**Exercise**
Go through the listing below and retype exactly the lines starting at the one with "Lanterwalk Solar Path Lights" and ending at the one with "风景蓝天白云黄光麦地背景jpg设计背景_88icon https://88icon.com 风景", skipping pictures.

(Input)

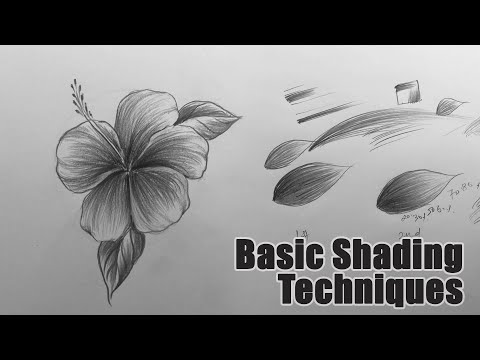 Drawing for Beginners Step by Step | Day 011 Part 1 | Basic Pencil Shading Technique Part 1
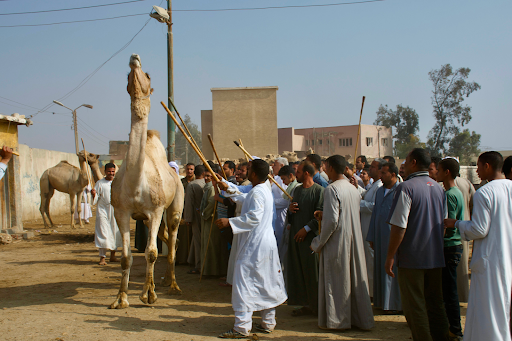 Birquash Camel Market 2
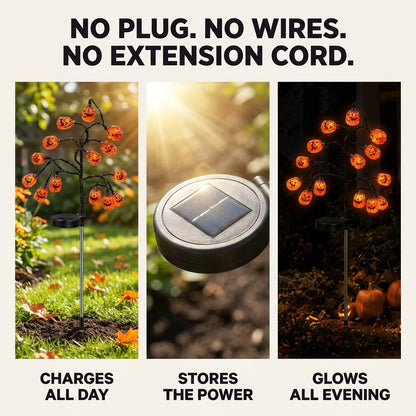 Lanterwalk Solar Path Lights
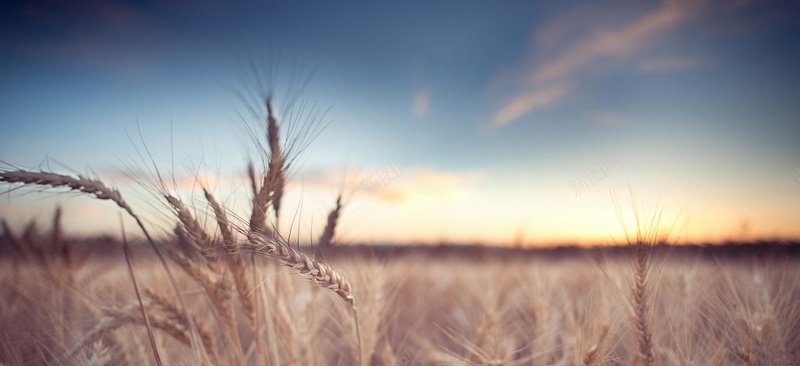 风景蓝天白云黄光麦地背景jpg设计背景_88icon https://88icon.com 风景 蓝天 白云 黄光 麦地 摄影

(End Input)
(Input)

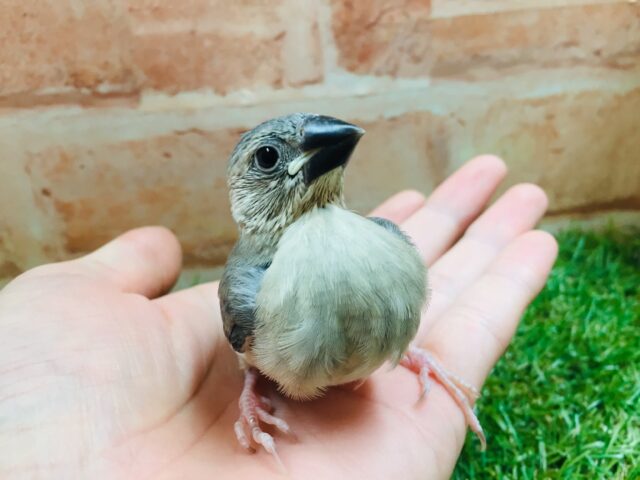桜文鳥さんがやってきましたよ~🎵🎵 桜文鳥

(End Input)

**Solution to this exercise**
 Lanterwalk Solar Path Lights
 风景蓝天白云黄光麦地背景jpg设计背景_88icon https://88icon.com 风景 蓝天 白云 黄光 麦地 摄影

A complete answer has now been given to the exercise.